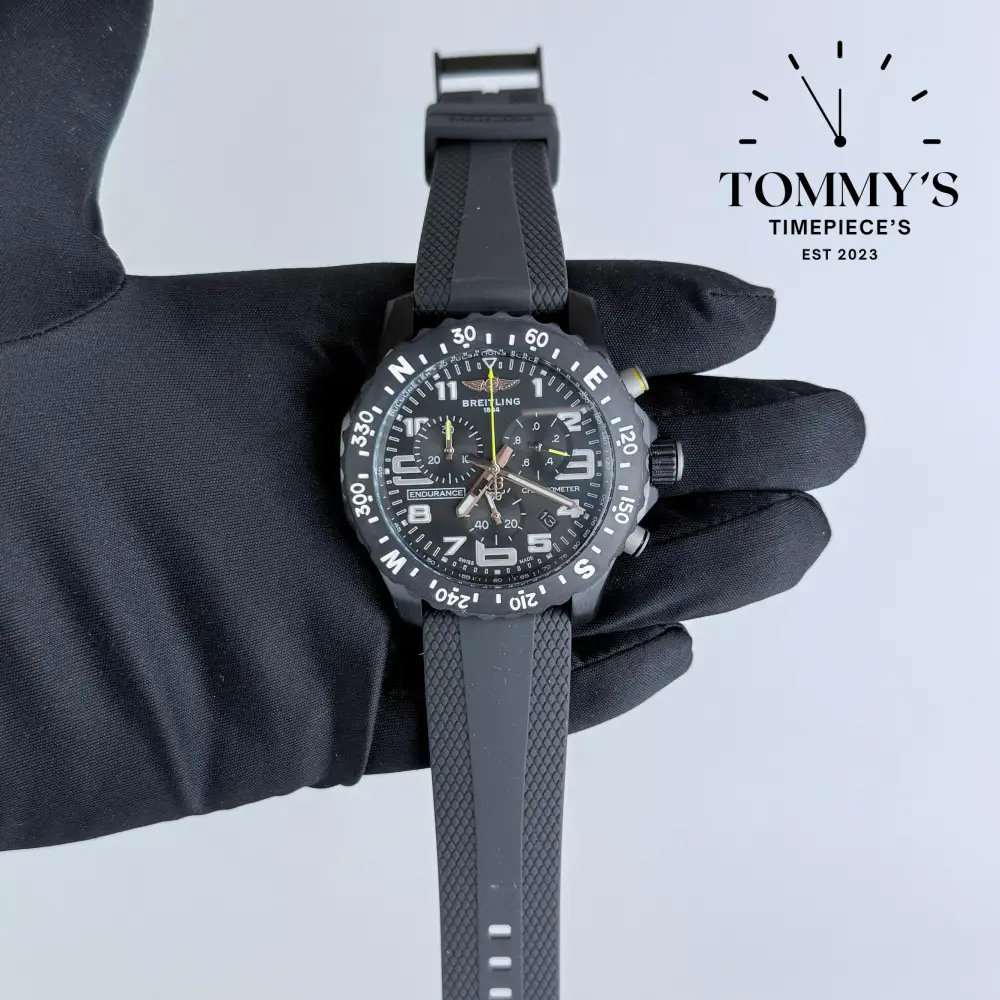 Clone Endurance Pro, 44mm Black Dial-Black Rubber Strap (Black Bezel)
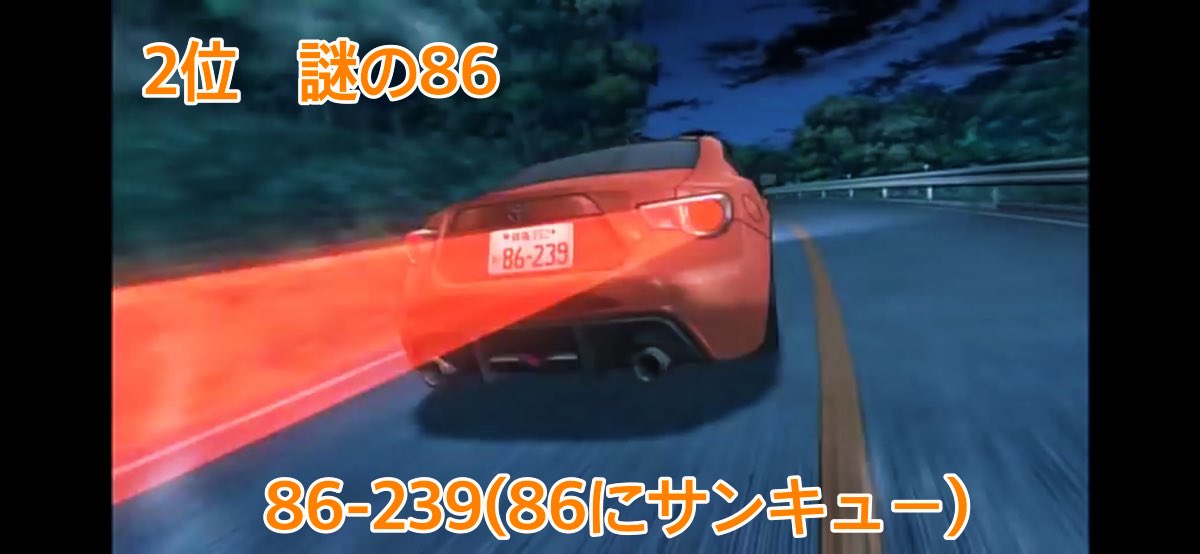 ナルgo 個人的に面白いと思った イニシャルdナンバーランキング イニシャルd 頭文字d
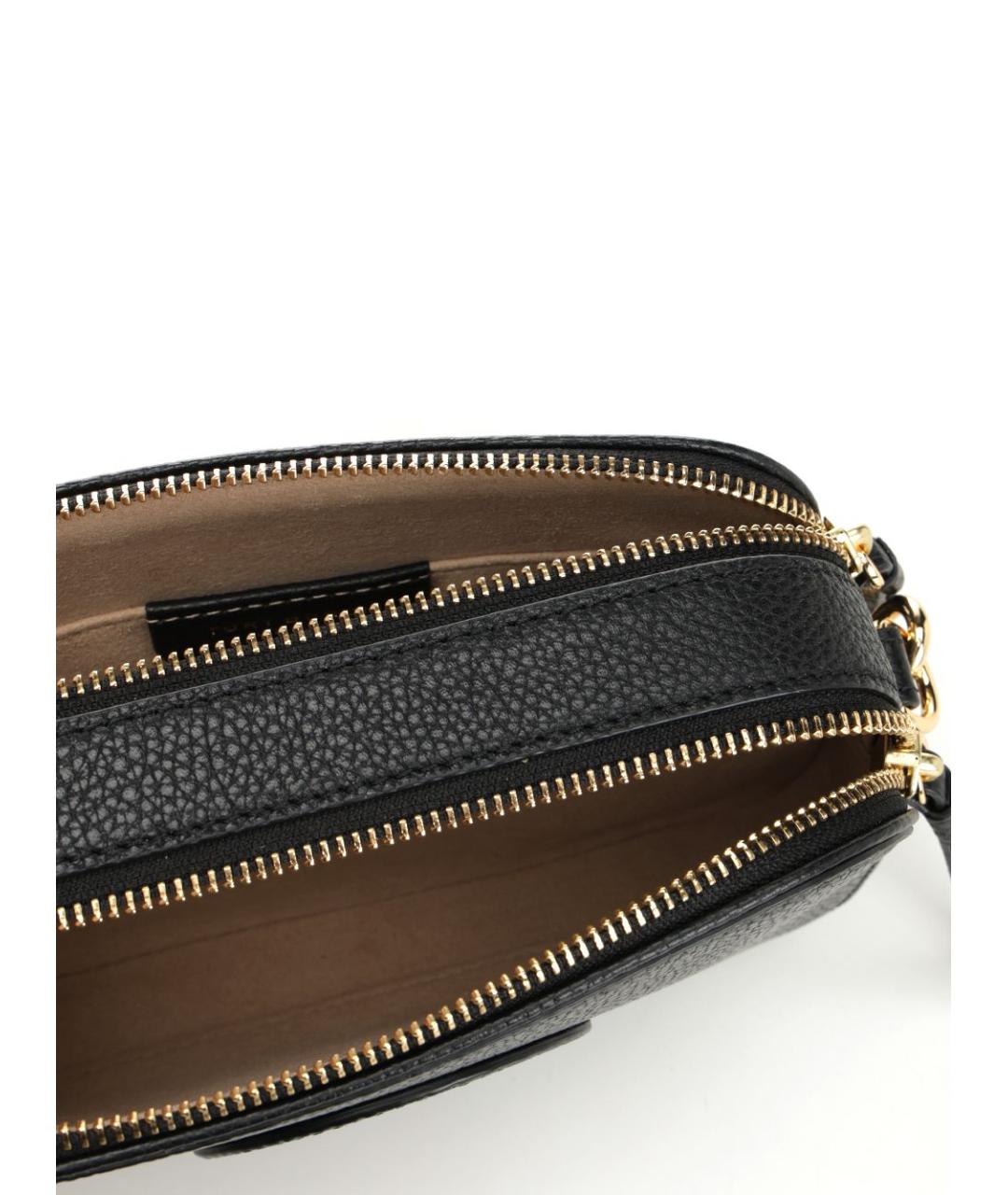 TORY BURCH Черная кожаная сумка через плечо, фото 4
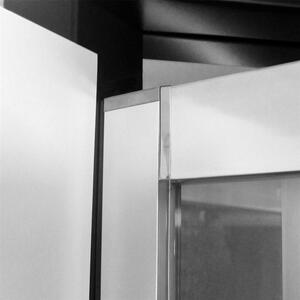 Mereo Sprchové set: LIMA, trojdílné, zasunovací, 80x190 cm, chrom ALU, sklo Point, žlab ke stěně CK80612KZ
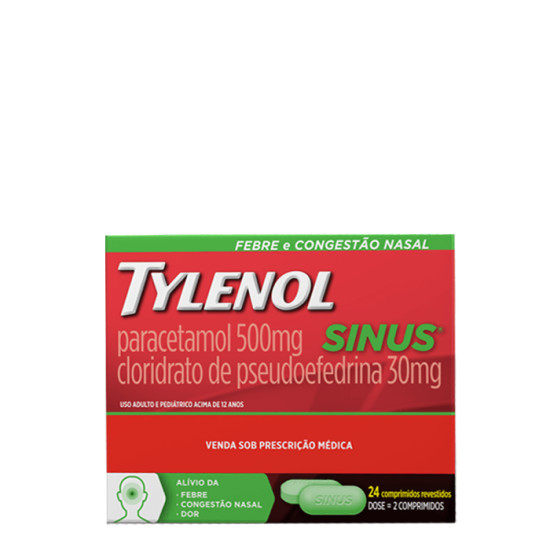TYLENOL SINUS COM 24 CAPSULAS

::::

#### Problem details:
None of the pictures belong in the result. Print exactly the lines from the one containing "ナルgo 個人的に面白いと思った イニシャルdナンバーランキング イニシャルd 頭文字d" through the final line of the entries.

#### Response area:
 ナルgo 個人的に面白いと思った イニシャルdナンバーランキング イニシャルd 頭文字d
 TORY BURCH Черная кожаная сумка через плечо, фото 4
 Mereo Sprchové set: LIMA, trojdílné, zasunovací, 80x190 cm, chrom ALU, sklo Point, žlab ke stěně CK80612KZ
TYLENOL SINUS COM 24 CAPSULAS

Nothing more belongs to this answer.